2016: A long and bumpy road for Brazil’s steelmaker CSN

Brazilian steelmaker CSN has been going through some turbulence since the incident at its No. 3 blast furnace in late April. Sources in Brazil note there have been delays in deliveries and it has been reported the company ordered a batch of slab from Iran to roll at its steelmaking complex in Rio de Janeiro state.

At the time of the incident, CSN’s subsidiary in the US released a statement to its customers affirming its teams were evaluating the degree of the damage and the expected market impact of the mishap, including its effect on the North American order book.

Queried, CSN’s headquarters in Sao Paulo confirmed there were “leakage emissions” from the equipment but that the problem was already under control. The company later confirmed the unit was back on stream.

In mid-July, a source from CSN affirmed the company was indeed facing difficulties in deliveries and also that the company has purchased imported slab.

Along with all that, an executive from Iranian steel producer Khouzestan Steel Company (KSC) said an assessment team from CSN has audited units of KSC in the country and ordered some 100,000 mt of slab to be shipped soon. CSN declined to comment.

Amidst this entire imbroglio, Brazilian flats makers, including CSN, announced three price hikes (in April, May and June) on hot-rolled and cold-rolled coils, as well as on hot-dip galvanized sheet, totaling 33%. The main purpose was the recovery of margins that were squeezed especially in 2015 and also the appreciation of these products in the international market — especially China, mills said.

Due to the complicated (and delicate) economic and political times in Brazil — a president to be tried in an August impeachment proceeding, the uncertainty about what is going to happen next and an economic recession with the GDP expected to be -3.25% in 2016 — sources confirmed these sheet price hikes did not completely stick.

As if all that were not enough, there also is the fluctuating currency exchange.

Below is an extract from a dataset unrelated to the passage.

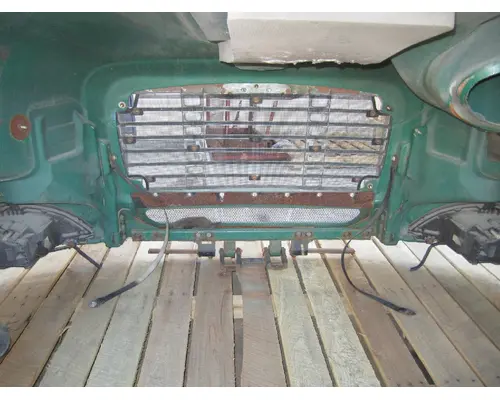 FREIGHTLINER COLUMBIA 112  HOOD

When the price hikes started being implemented, it was around Real 3.60/$1. In mid-July, it was around Real 3.25/$1. This matter is especially important because a stronger dollar results in a natural deceleration of imports.

There are many factors at work, so let’s review:

CSN is having problems with deliveries following its BF mishap. It decided to import slab. Chinese prices went up. The US dollar appreciated. Brazilian mills announced price hikes. Chinese prices went down. The US dollar depreciated. Chinese prices went down. Brazilian mills started being concerned about the prices because domestic products carry a premium of around 15% over imported material. Brazil’s GDP is sinking. Investments are flat.

Brazil’s apparent first half steel consumption of 9 million mt retracted 23.7% when compared to H1 2015.

So what can CSN do now in the midst of all these happenings, also considering that the US and EU have imposed or are in the process of imposing antidumping duties on Brazilian flat rolled products? I really don’t know. Market sources in Brazil don’t comment. Market analysts are skeptical.

And we also need to remember that CSN is the largest single shareholder in Brazilian integrated steelmaker Usiminas … but that is a subject for another blog post.